3. The method of claim 1, wherein the interface presentation of the application interface comprises a window presentation of a specified window in the application interface.

4. The method of claim 3, wherein the target application is a video application and the designated window is a video playback window.

5. The method of any of claims 1-4, wherein determining the relative orientation of the head of the user wearing the headset with respect to the virtual sound source based on the position of the virtual sound source comprises:

acquiring a user image of the user through a camera;

from the captured user images, the relative position of the user's head position with respect to the virtual sound source and the relative direction of the head orientation with respect to the direction in which the head is oriented towards the virtual sound source are determined.

6. The method of any of claims 1-4, wherein the adjusting the spatial audio output to the headphones according to the relative orientation comprises:

processing audio parameters of the target application according to the relative orientation to generate spatial audio perceived as originating from the virtual sound source;

transmitting the generated spatial audio to the headphones.

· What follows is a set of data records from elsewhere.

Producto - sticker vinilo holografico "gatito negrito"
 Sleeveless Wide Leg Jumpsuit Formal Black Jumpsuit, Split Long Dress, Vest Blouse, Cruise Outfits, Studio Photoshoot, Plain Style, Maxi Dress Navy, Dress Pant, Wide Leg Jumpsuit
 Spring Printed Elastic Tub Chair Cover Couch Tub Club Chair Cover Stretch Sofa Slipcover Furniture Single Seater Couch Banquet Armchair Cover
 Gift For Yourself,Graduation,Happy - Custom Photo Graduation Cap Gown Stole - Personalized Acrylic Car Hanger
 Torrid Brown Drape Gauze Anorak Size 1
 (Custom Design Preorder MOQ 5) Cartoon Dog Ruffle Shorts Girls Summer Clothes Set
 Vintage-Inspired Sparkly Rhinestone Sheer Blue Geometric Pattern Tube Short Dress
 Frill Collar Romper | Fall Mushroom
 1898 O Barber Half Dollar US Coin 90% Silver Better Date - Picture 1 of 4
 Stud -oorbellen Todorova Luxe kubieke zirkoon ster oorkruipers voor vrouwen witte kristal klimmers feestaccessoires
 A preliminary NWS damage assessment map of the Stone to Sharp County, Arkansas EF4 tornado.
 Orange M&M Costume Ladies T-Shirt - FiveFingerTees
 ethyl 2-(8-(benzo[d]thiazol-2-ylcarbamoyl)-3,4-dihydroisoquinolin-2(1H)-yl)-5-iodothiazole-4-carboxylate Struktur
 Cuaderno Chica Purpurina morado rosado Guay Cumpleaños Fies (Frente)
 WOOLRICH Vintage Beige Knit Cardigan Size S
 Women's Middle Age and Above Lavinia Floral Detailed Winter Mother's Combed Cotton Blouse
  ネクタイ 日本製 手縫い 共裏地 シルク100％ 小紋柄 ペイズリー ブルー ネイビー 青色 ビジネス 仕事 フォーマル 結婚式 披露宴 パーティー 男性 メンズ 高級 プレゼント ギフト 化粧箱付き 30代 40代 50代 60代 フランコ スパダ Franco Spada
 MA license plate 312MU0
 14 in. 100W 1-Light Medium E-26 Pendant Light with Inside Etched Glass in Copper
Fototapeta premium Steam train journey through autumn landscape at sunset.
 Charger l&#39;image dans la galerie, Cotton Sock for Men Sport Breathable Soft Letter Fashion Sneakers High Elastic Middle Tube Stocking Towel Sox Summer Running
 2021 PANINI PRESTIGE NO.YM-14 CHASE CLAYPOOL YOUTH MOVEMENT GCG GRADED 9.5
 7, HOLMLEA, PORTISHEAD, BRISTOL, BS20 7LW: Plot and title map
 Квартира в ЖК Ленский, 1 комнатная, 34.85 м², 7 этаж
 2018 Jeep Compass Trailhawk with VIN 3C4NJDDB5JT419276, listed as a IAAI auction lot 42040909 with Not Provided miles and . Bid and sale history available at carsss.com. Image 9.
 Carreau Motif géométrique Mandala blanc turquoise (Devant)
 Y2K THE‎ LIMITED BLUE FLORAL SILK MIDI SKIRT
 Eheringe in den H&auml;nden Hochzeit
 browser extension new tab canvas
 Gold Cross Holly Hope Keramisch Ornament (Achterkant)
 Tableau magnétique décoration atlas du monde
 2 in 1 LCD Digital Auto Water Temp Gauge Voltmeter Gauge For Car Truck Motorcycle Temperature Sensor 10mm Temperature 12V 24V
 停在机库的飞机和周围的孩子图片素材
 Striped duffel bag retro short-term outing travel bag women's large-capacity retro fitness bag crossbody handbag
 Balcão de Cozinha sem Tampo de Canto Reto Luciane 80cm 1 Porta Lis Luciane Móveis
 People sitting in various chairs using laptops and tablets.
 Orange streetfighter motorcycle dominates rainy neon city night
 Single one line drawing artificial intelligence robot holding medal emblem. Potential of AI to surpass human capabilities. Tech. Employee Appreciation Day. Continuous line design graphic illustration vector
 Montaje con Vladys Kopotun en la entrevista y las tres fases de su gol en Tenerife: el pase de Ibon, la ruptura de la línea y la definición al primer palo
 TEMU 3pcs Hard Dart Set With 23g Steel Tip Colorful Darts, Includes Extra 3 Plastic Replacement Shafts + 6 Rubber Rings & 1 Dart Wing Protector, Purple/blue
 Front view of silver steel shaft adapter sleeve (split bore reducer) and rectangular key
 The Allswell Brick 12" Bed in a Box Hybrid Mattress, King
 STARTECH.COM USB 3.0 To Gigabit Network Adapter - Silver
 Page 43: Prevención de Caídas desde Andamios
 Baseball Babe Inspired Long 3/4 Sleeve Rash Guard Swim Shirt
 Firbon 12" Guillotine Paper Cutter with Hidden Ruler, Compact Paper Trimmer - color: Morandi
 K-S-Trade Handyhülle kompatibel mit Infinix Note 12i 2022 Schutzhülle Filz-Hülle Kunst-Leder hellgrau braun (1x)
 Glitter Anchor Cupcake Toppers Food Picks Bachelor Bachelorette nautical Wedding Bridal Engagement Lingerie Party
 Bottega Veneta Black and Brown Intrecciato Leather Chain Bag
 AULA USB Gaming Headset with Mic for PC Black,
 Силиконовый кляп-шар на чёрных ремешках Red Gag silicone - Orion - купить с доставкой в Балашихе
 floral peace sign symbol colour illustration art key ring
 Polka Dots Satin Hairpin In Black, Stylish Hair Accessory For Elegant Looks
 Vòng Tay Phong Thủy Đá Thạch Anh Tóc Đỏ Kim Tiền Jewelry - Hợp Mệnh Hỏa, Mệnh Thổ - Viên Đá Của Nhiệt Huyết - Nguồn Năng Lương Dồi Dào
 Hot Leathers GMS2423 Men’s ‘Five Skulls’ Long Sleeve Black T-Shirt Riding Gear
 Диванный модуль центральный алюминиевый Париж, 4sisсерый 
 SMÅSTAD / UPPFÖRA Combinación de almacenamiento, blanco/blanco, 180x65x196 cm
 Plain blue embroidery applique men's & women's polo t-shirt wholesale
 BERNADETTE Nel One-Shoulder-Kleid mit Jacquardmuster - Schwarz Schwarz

7. A terminal, characterized in that the terminal comprises a processor, a memory and a computer program stored in the memory and executable on the processor, the processor implementing the audio processing method according to any of claims 1-6 when executing the computer program.

8. A computer-readable storage medium having stored therein instructions which, when run on a computer, cause the computer to execute the audio processing method of any one of claims 1-6.